» **What is needed**: Reproduce exactly, with no pictures, each line from the opening of the material down through the line containing "Fahrzeugabbildung Opel Corsa F e Edition".

» **Material for this exercise**:
Segment Open
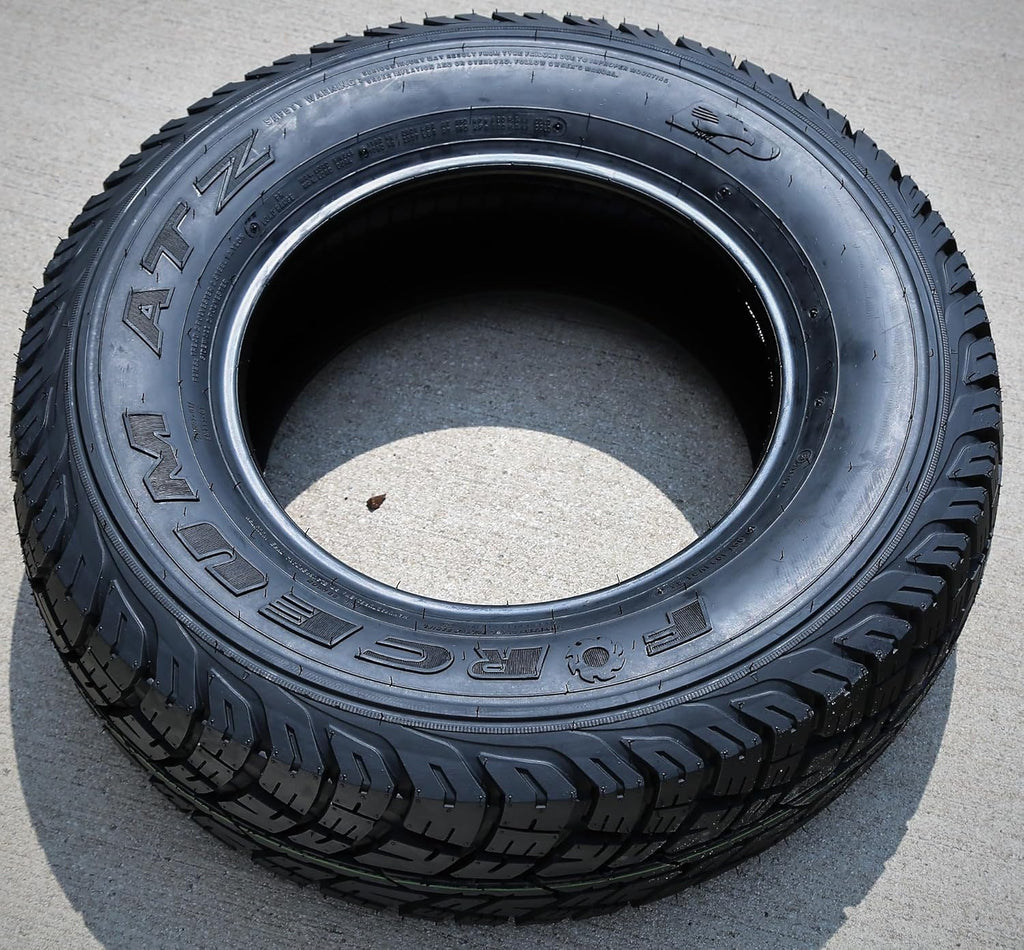 LT235/75R15 All-Season All Terrain Light Truck Radial Tire L37711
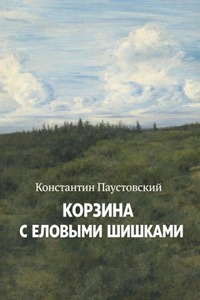 Корзина с еловыми шишками — Паустовский Константин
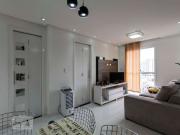 Apartamento para Venda em São Paulo/SP Cambuci 1 Quartos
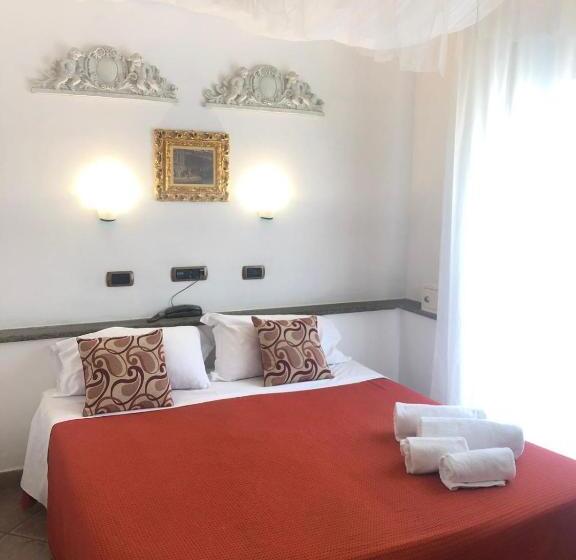 اتاق استاندارد, Europeo Napoli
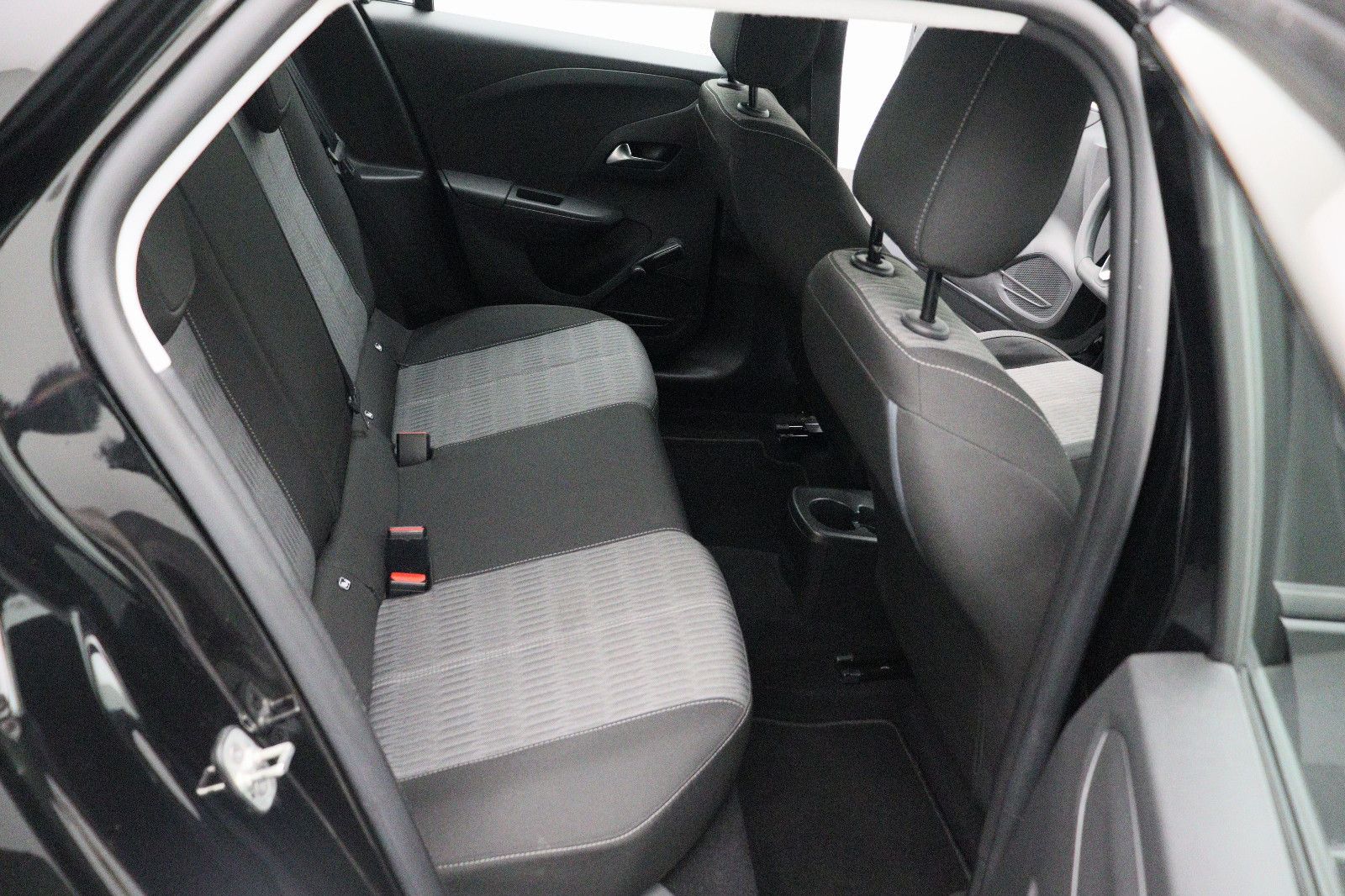 Fahrzeugabbildung Opel Corsa F e Edition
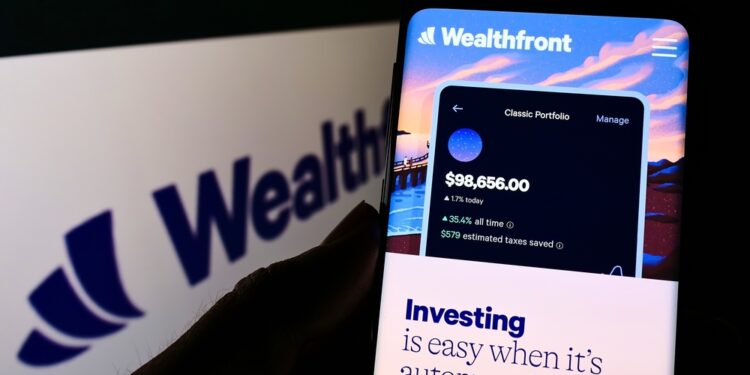 UBS and Wealthfront mutually agree to terminate merger agreement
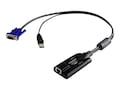 Aten USB Virtual Media KVM Adapter Cable, CPU Module , KA7175, 10101083, Adapters & Port Converters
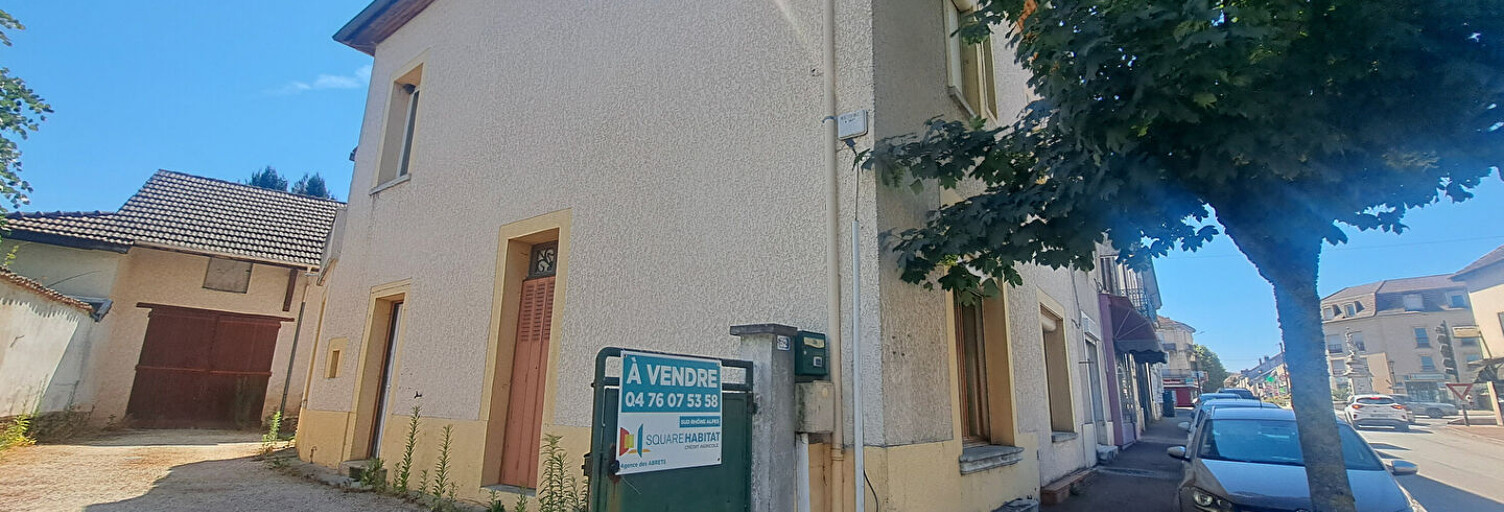 Maison 6 Pièces 172 m² à vendre à Les Abrets en Dauphiné (38490)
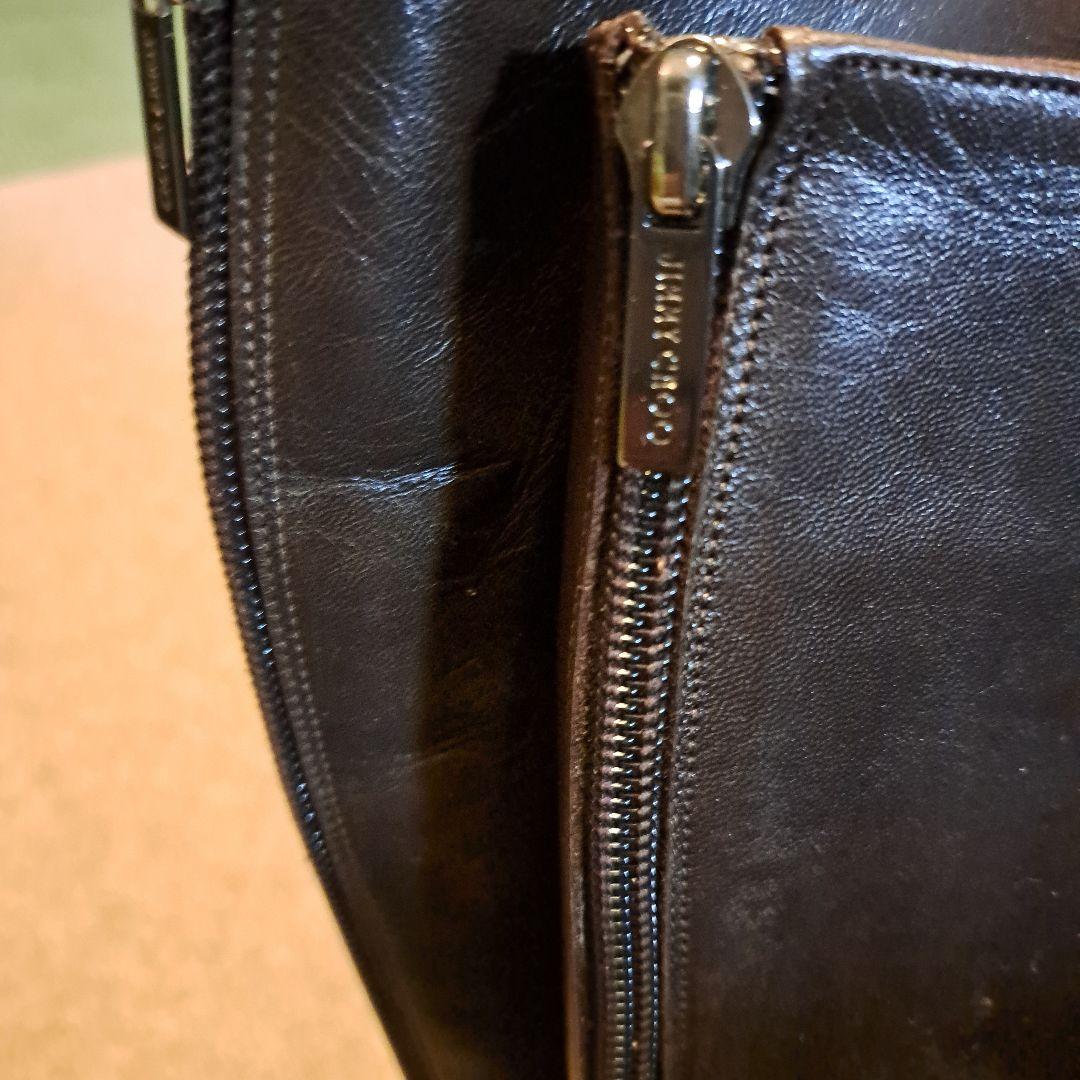 JIMMY CHOO焦げ茶色ブーツ41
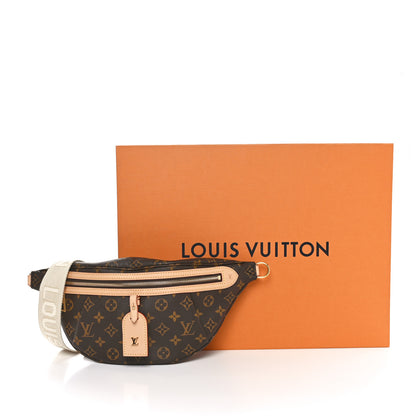 Louis Vuitton Monogram High Rise Bumbag 9 of 9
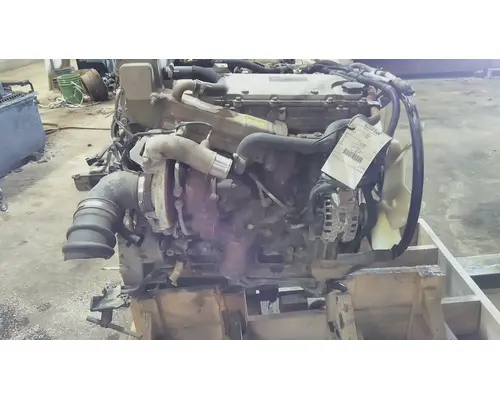 ISUZU 4HK1TC (5.2L) ENGINE ASSEMBLY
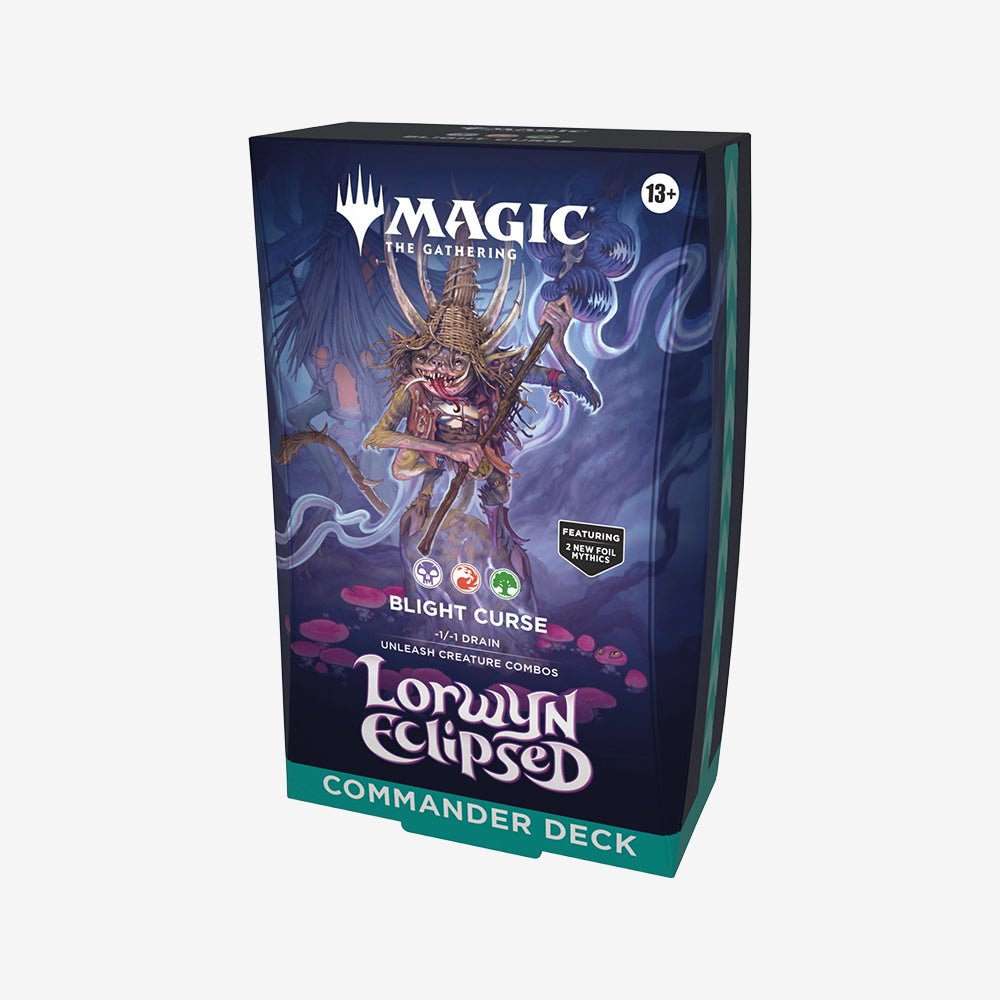 Magic: The Gathering - Lorwyn Eclipsed Commander Deck - Made In Camelot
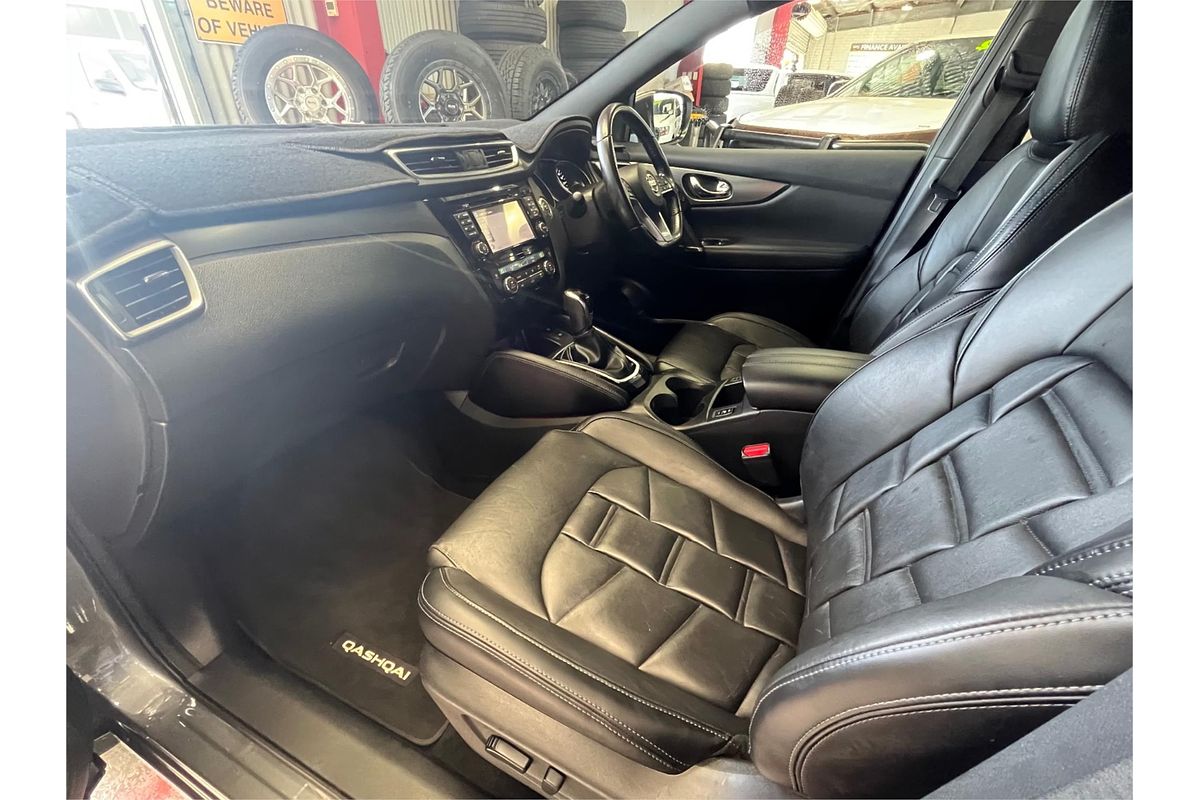 2019 Nissan QASHQAI Ti J11 Series 2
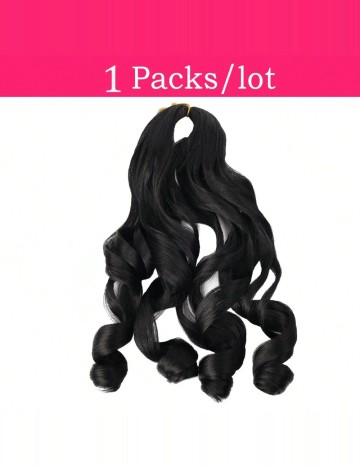 Set extensii Shein, brunet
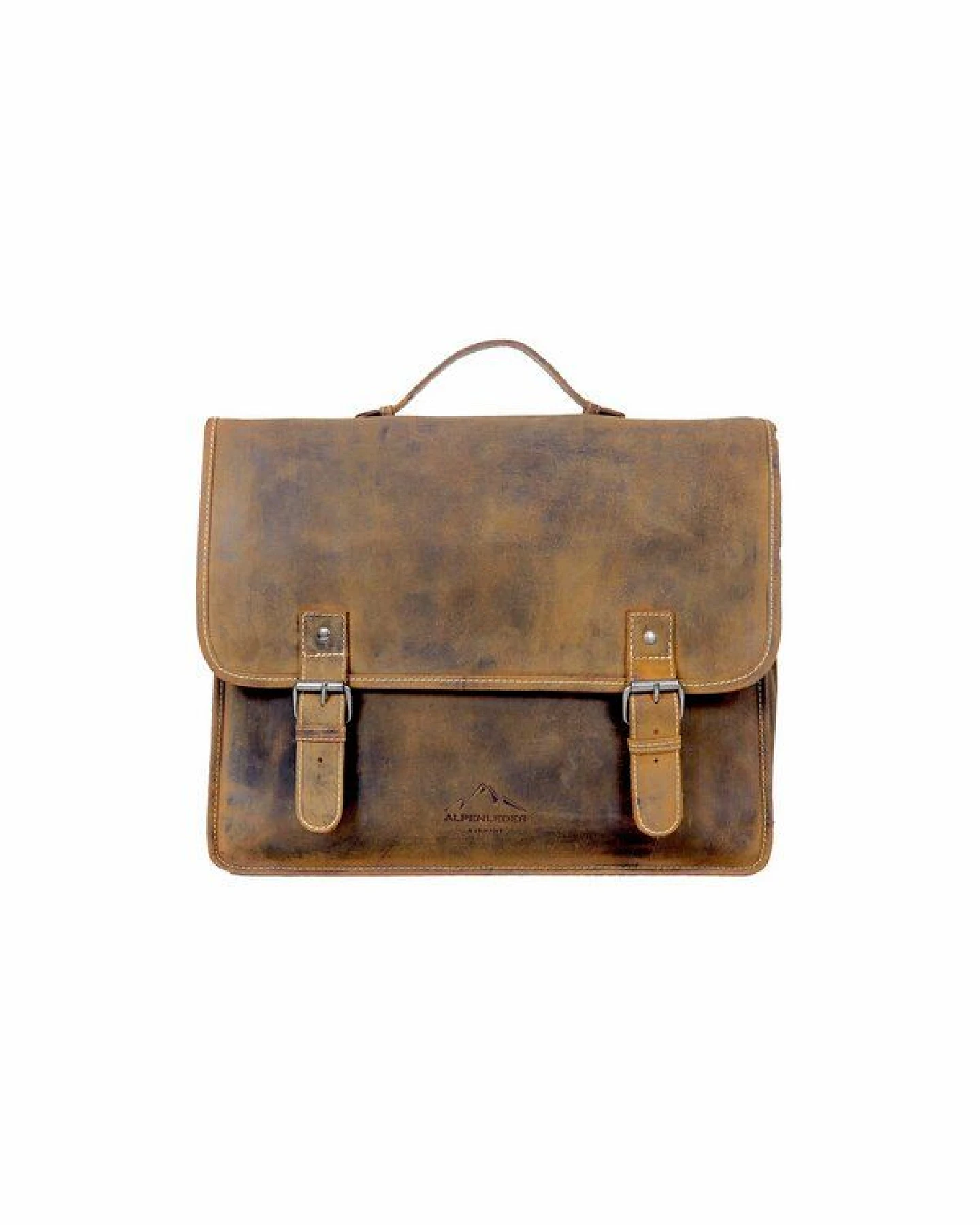 Alpenleder Messenger Bag ADVENTURE – Ansicht 4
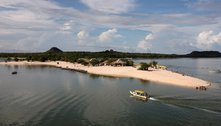 PF instaura inquérito sobre mudança na cor das águas no Pará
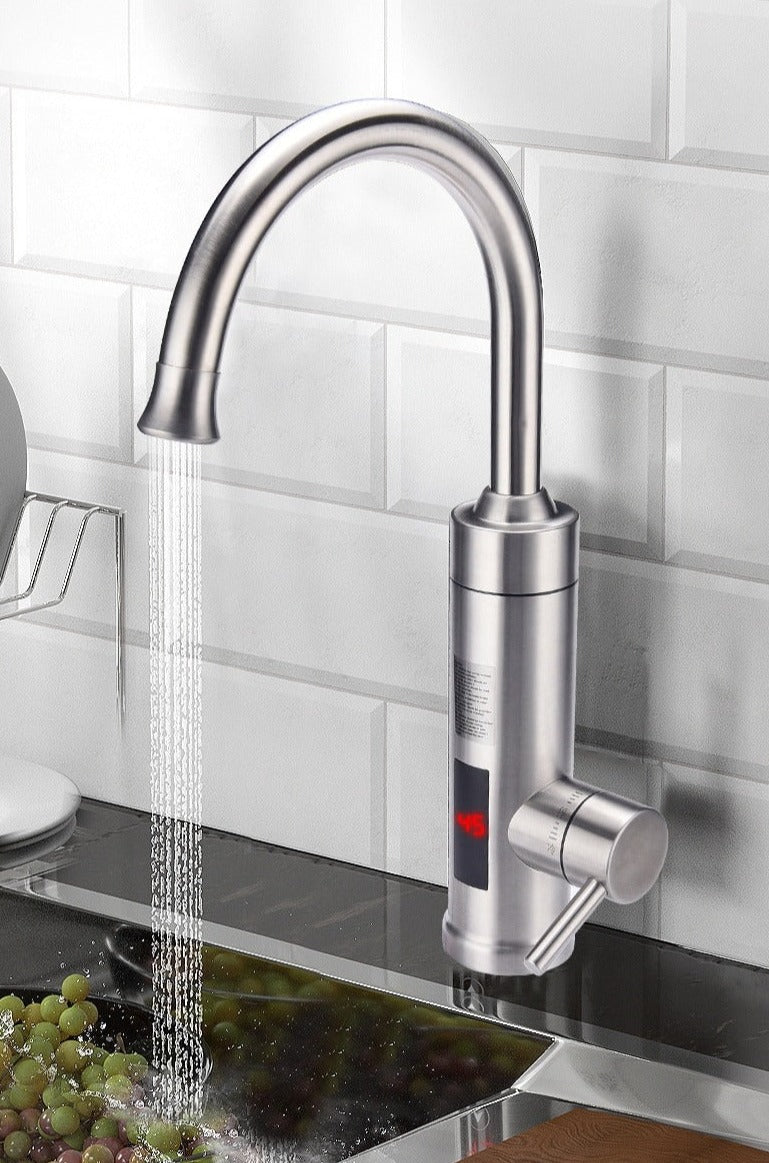 Electric Kitchen Faucet Fixture-Orizon Depot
Segment Closed
» **Response**:
 LT235/75R15 All-Season All Terrain Light Truck Radial Tire L37711
 Корзина с еловыми шишками — Паустовский Константин
 Apartamento para Venda em São Paulo/SP Cambuci 1 Quartos
 اتاق استاندارد, Europeo Napoli
 Fahrzeugabbildung Opel Corsa F e Edition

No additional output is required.